:: Your objective ::
Look below for the line containing "Fashion Bow-Knot Shoes". Write out that line and the rest through the last one, exactly as they appear, but without pictures.

**** Source data ****

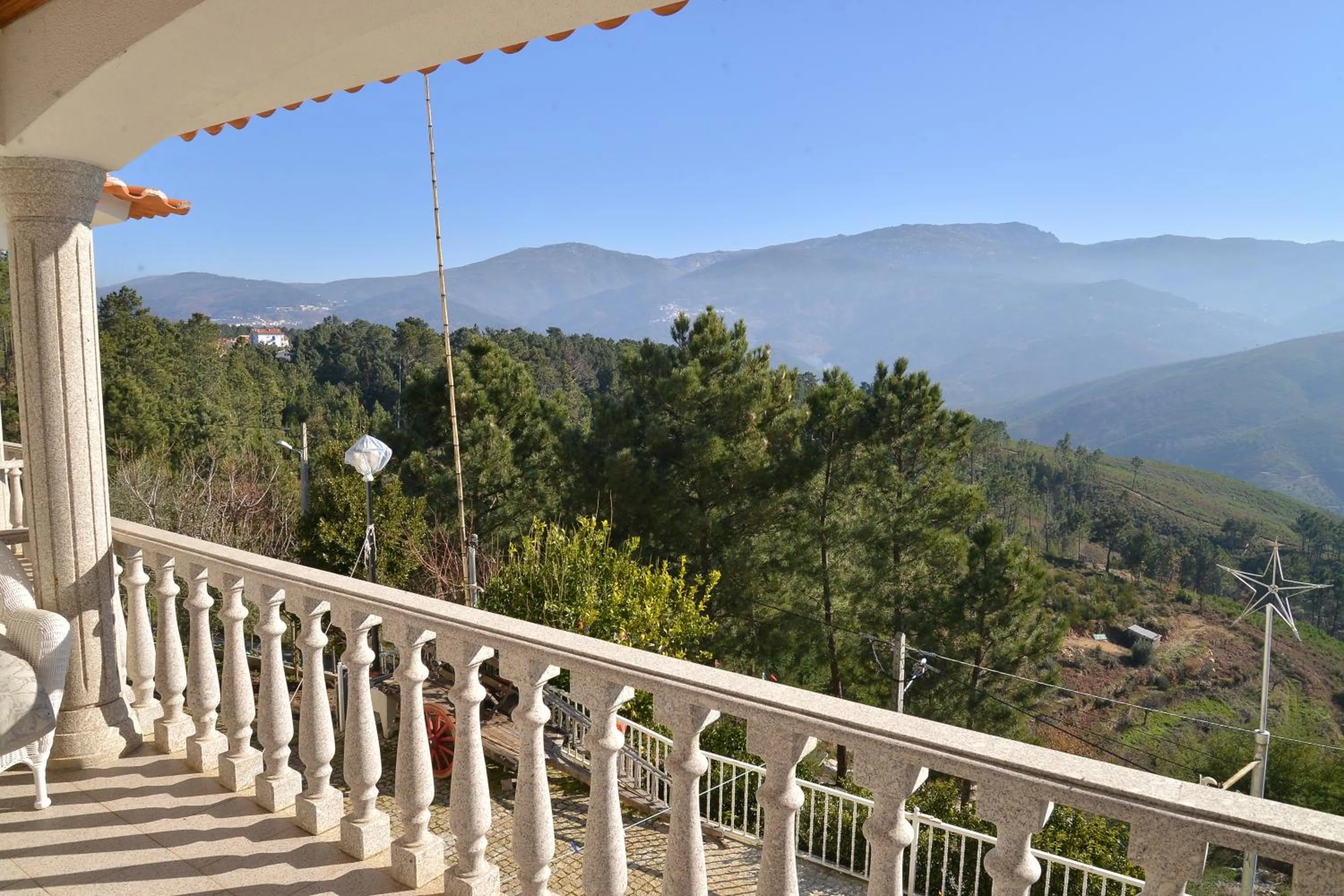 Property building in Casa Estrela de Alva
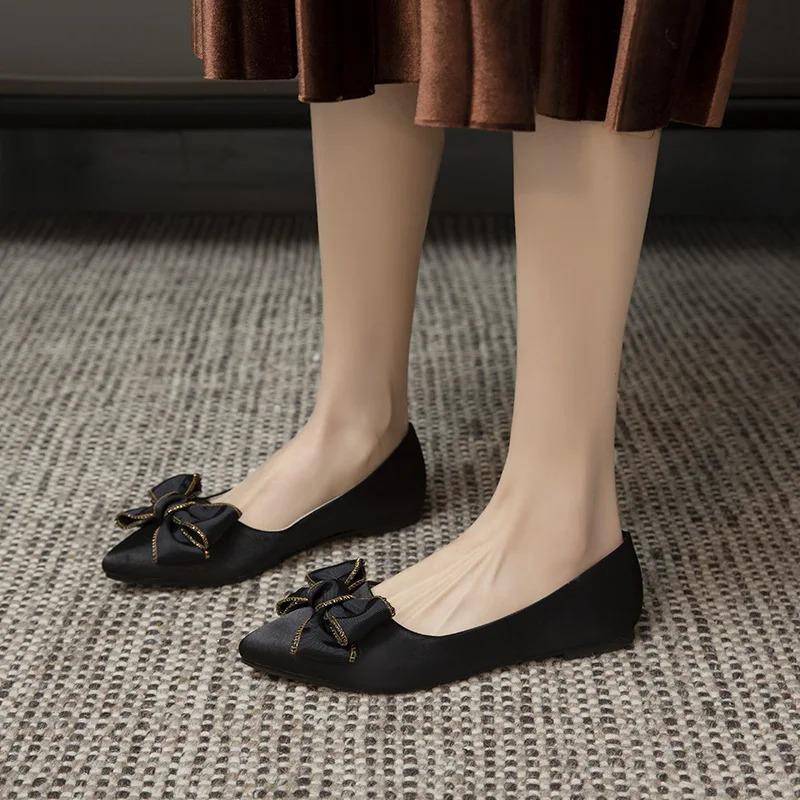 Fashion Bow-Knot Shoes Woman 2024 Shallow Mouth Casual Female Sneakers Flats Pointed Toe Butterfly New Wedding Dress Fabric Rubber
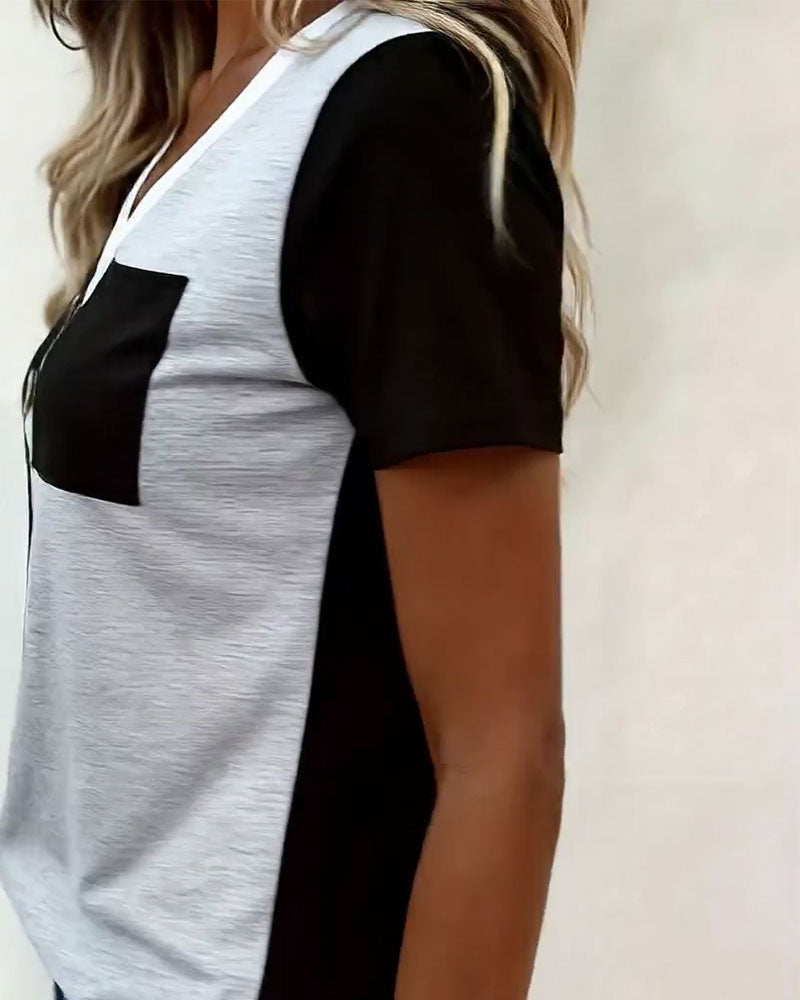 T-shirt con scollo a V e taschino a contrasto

****

:: Finished task ::
 Fashion Bow-Knot Shoes Woman 2024 Shallow Mouth Casual Female Sneakers Flats Pointed Toe Butterfly New Wedding Dress Fabric Rubber
 T-shirt con scollo a V e taschino a contrasto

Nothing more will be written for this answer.